In contrast, an ADO+ DataSet is a collection of one or more tables. The tables within a data set are called data tables; specifically, they are DataTable objects. If a data set is to contain data from multiple database tables, it will typically contain multiple DataTable objects. That is, each DataTable object typically corresponds to a single database table or view.
Typically a data set also contains relationships. A relationship within a data set is analogous to a foreign-key relationship in a database: it associates rows of one data table with rows of another. For example, if a data set contains a table of investors, and a second containing each investor's stock purchases, it would also contain a relationship. The relationship would connect each row of the investor table with the attendant rows of the purchase table.

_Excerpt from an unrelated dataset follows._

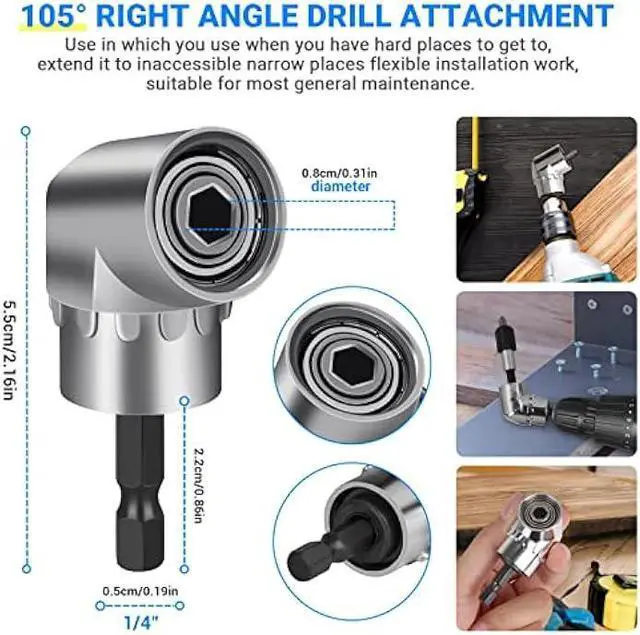 Alt view image 2 of 6 - 32pcs Flexible Drill Bit Extension Set, Rotatable Joint Socket 1/4 3/8 1/2 Inch Hex Socket Adapter, 105°Right Angle Drill Attachmen, Bendable Screwdriver Kit with a Box (Black)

In ADO+, the relation is represented by a DataRelation. See Adding DataRelation
In ADO+, the methods you use to read, modify, or otherwise visit a data item differ from the programming methods you use in ADO.
In ADO, you scan sequentially through the rows of the record set.
In ADO+, you employ a navigation paradigm, moving from a row of one data table to the corresponding row or rows of another data table by following the relationship. For example, starting from the data table row of the Investor
table describing "Lucretia Shekkar", you can navigate to the set of rows of the Purchase
table describing her purchases.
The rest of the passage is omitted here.